By Vineet Arya
Not just limited content creators and blue-collar workforce, the gig economy is a trend that is steadily growing due to its flexibility and potential for financial security. Also known as the expert on-demand economy, where companies are engaging experts to perform certain tasks while allowing them to get the work done at a fraction of the cost, companies are actively retaining top talent.
While one may consider the gig economy as limited to blue-workforce roles such as delivery executives and cab drivers, gig jobs those performed by individuals on a temporary basis — the reason this is called “gig” is because of the short-term nature of these projects where one can work for multiple companies at one time.
Further, technology, finances and marketing executives are among the most in-demand experts in today’s world. This is owing to every company’s role in shaping the future of business, especially within a digital context. With a growing focus on digital transformation, experts have been called upon to provide insights or even develop capabilities that can help them stay ahead of their competition.
As a result of this trend, the number of requests for C-level gig executives, and/or experts on-demand has increased exponentially over the last few years. For example, several US-based companies either already have some offices in India or planning to venture into the country. This requires experienced (and local) professionals, leading to an enhanced demand for such professionals, making it easier to get business for many experts in the country — who can take flexible roles, and high paychecks.

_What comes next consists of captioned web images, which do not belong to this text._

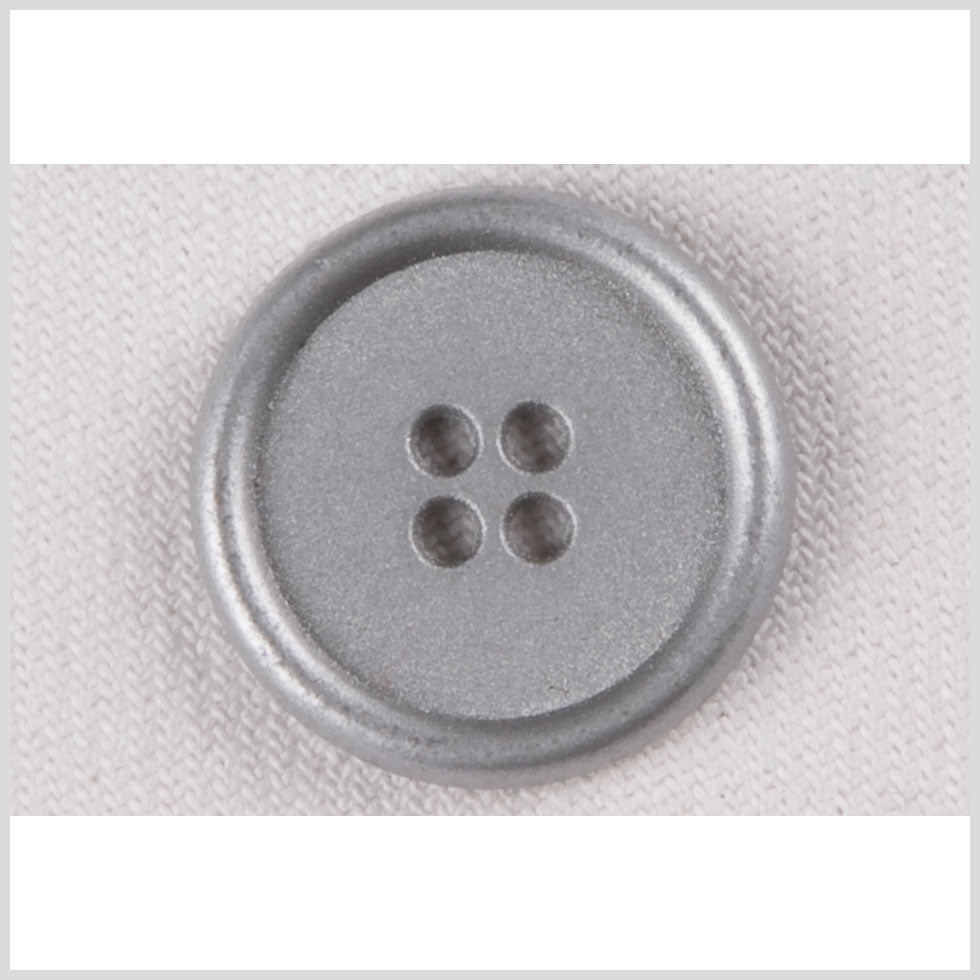Silver 4-Hole Metal Coat Button with Rounded Rim - 32L/20mm - Joann Fabrics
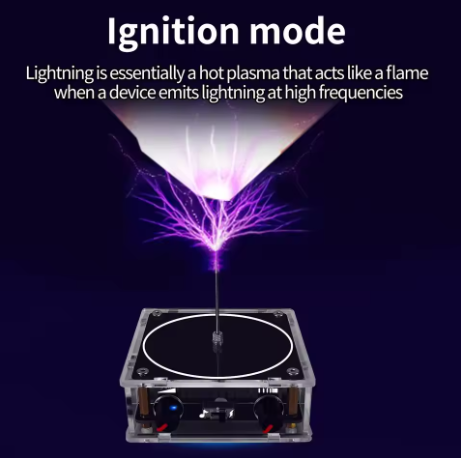 Musica Tesla Coil Bluetooth/AUX Carillon dual mode Fulmine artificiale Ingresso audio toccabile Esperimenti scientifici Bluetooth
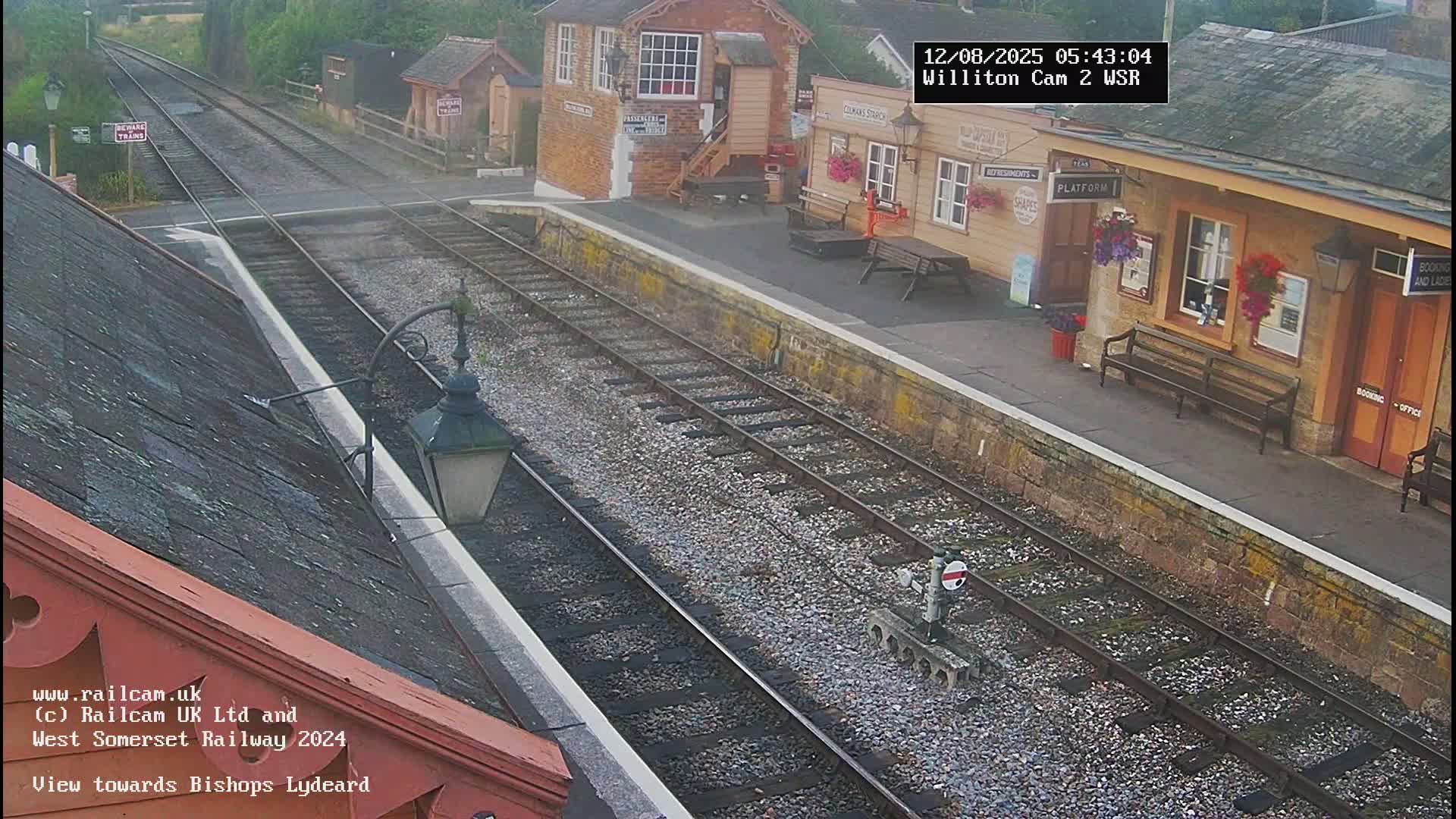 West Somerset Railway Williton Station South Platform View Live Cam  - Somerset, South West, England, United Kingdom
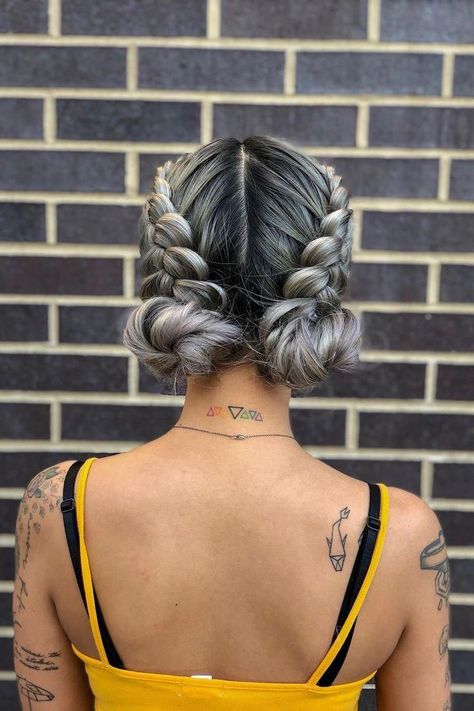 Boho Braided Updo, Bracelets Cheap, Double Dutch Braids, Mohawk Updo, Braided Space Buns, Coachella Hair, Diy Updo, Boho Updo, Double Dutch Braid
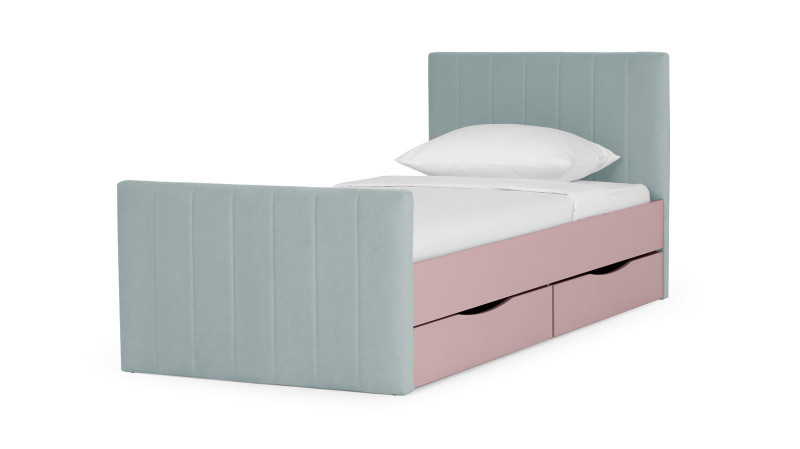 Кровать подростковая Olly, цвет: Розовый Антик, Тк. Casanova Sky 90x190 — Мебель-центр Озерцо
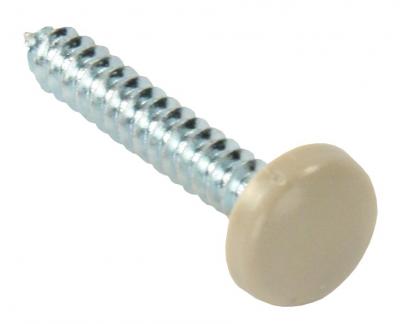 JR Products Kappet Screws w/Covers, Beige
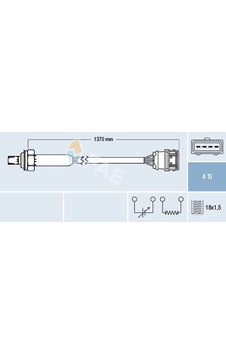 Fae 77359 Oksijen Sensörü Ota4n-5d1 Volvo S40 2.0t4 97-04 1362mm 30611233 - Fae 77359 Oksijen Sensörü Ota4n-5d1 Volvo S40 2.0t4 97-04 1362mm 30611233 -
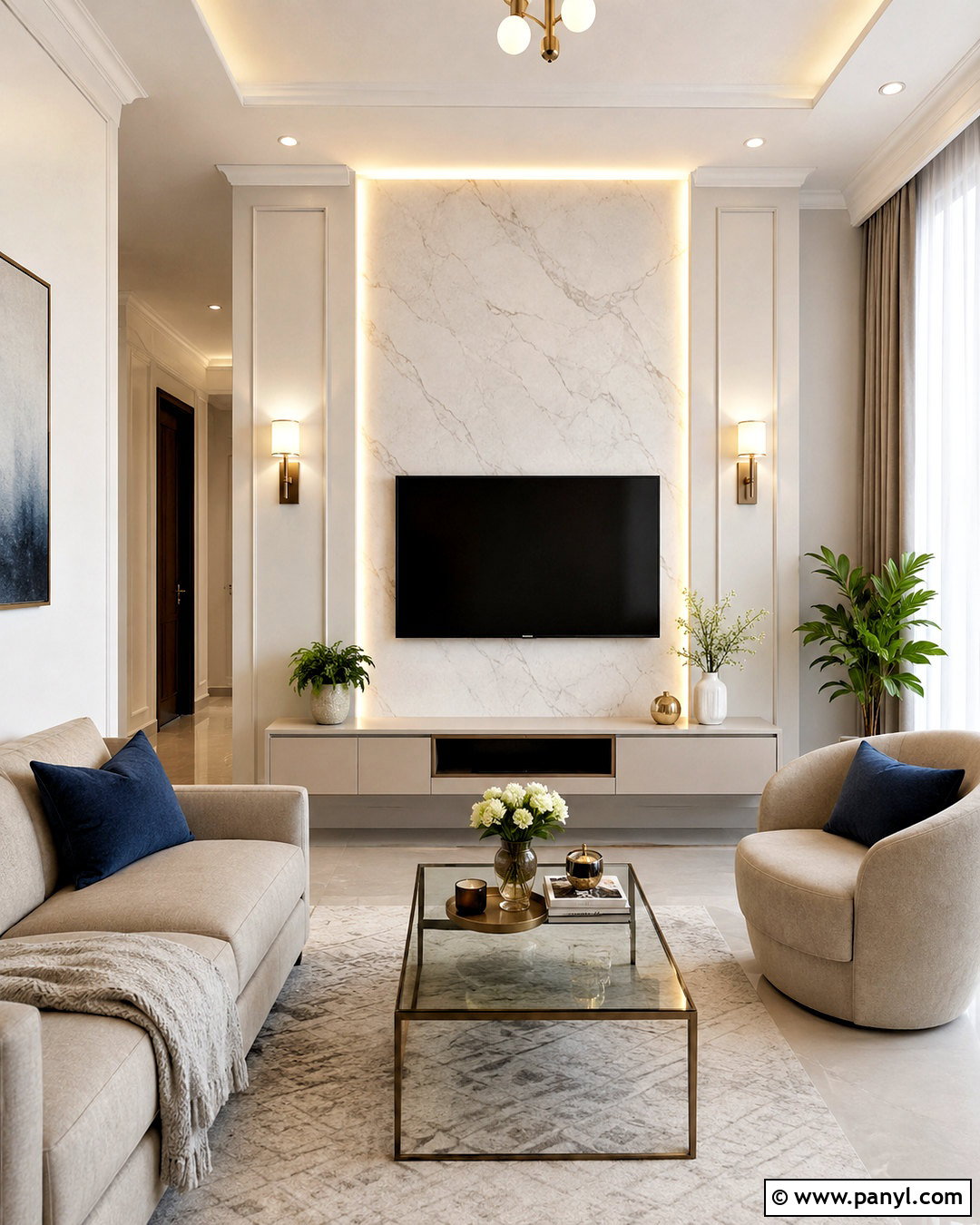 Small Living Room Marble Wall - 20 marble wall living room ideas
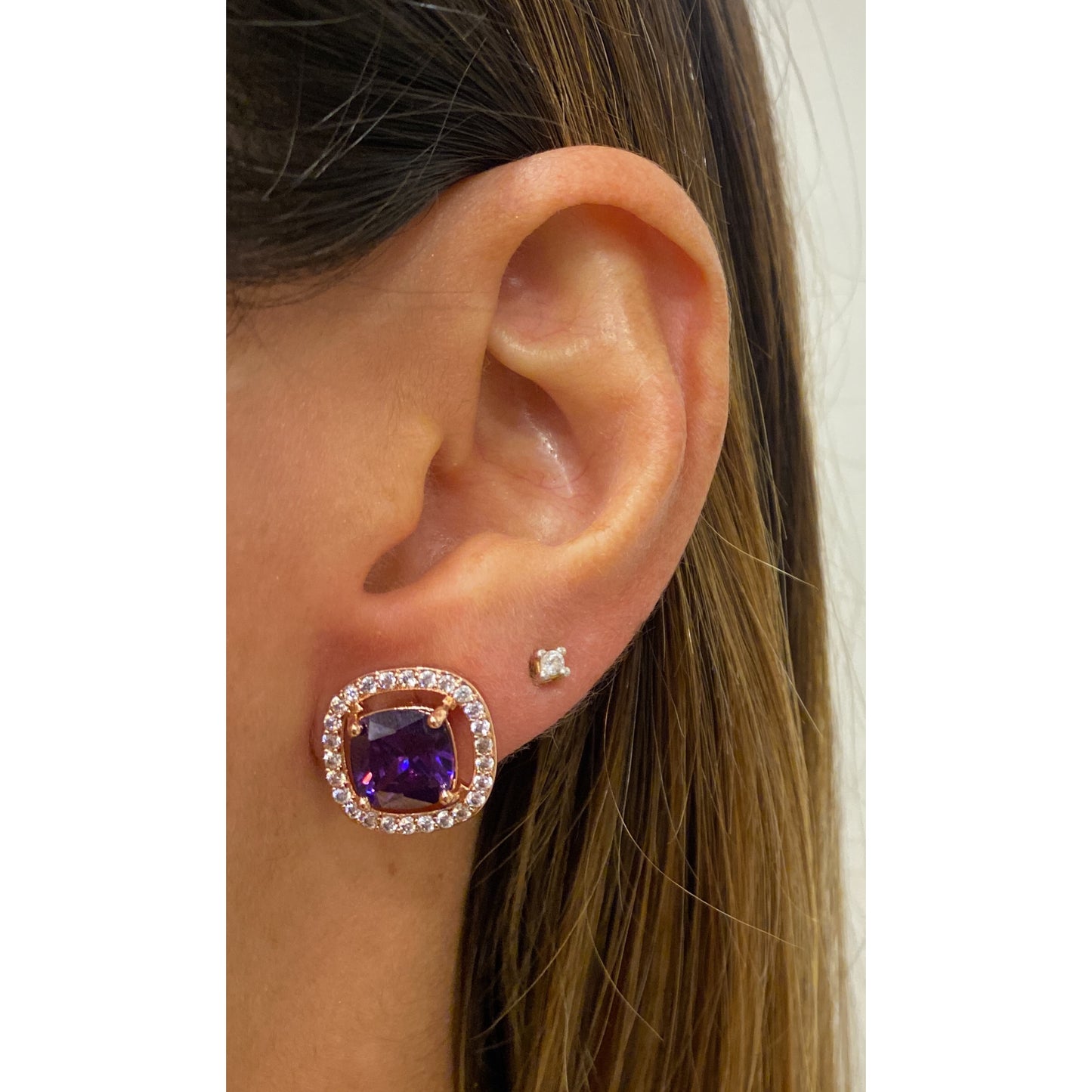 Aretes ZANT Morado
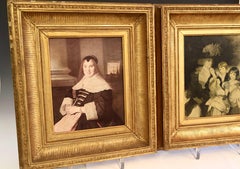Pair Antique Gilt Gold Leaf Frames Elaborate Gilded Age 19th C. Fit 8x10 Picture
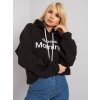 Čierna dámska mikina s nápisom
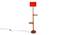 Hillary Orange Cotton Shade Floor Lamp (Orange) by Urban Ladder - Cross View Design 1 - 495112
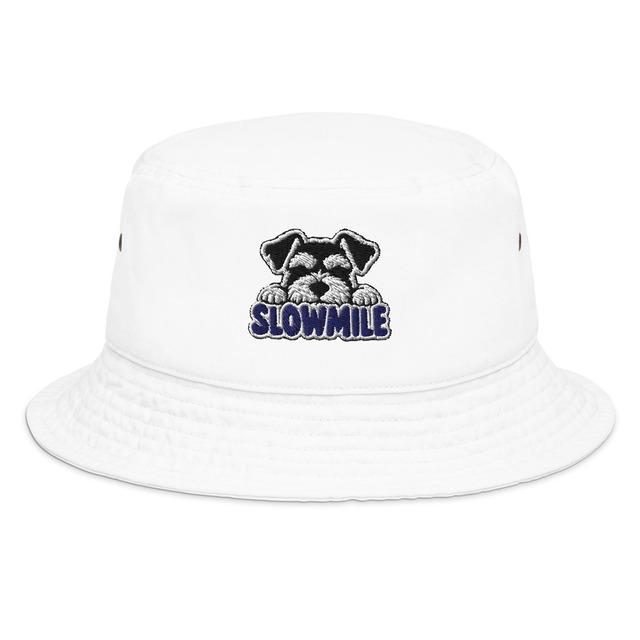 Schnauzer Logo Embroidered Bucket Hat S0148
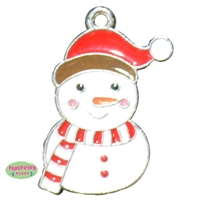 Small enamel snowman charm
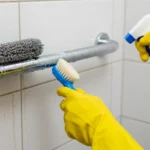 Clean Shower Door Tracks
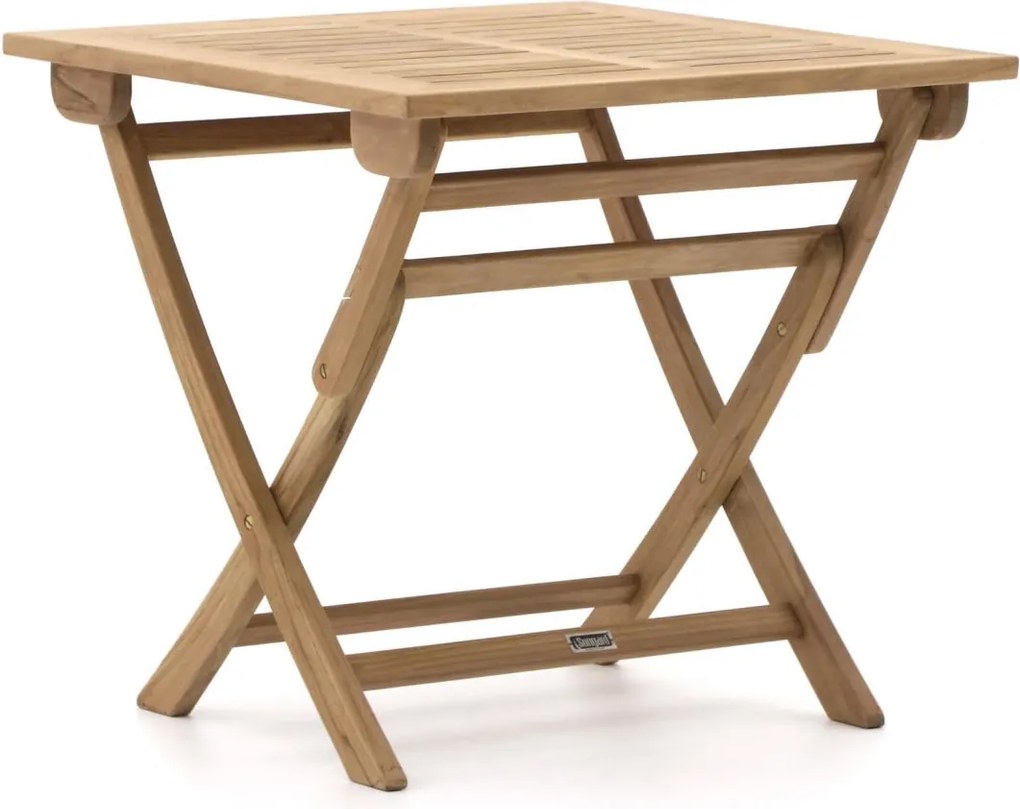 Inklapbare tafel Sunyard | Vierkant  | Tuintafel Teakhout | 80x80cm | 2 personen | Kees Smit Tuinmeubelen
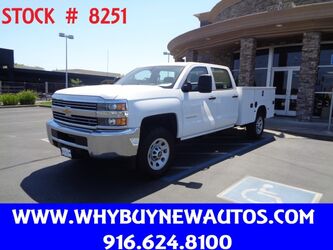 Chevrolet Silverado 3500HD Utility ~ 4x4 ~ Crew Cab ~ Only 99K Miles! 2018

Expert on-demand economy for women
As the C-suite gig economy or the expert on-demand role is all set to revolutionise the way people work in India, traditional jobs are giving away space to this new way of entrepreneurship. For instance, many Indian companies are actively encouraging women to work on a flexible basis, instead of discouraging them.
Experts suggest that the on-demand economy is a huge opportunity, especially for women entrepreneurs in India. In fact, according to a recent report by Emerce Insight, the number of female experts in the on-demand sector is steadily growing.
An expert on-demand is anyone who is paid for a share of their knowledge and experience with the payer. These could be thought leaders, successful businesspersons, and most importantly, domain leaders. Being an expert on-demand not only means that you get paid for said engagements, but also the opportunity to build a personal brand and create authority around yourself.
Addressing the gender disparity
As the on-demand economy is gaining popularity, women are also making their presence felt in this new business domain — with an advantage of opportunities being created for on-demand services and make a living while enjoying more flexibility in their lives.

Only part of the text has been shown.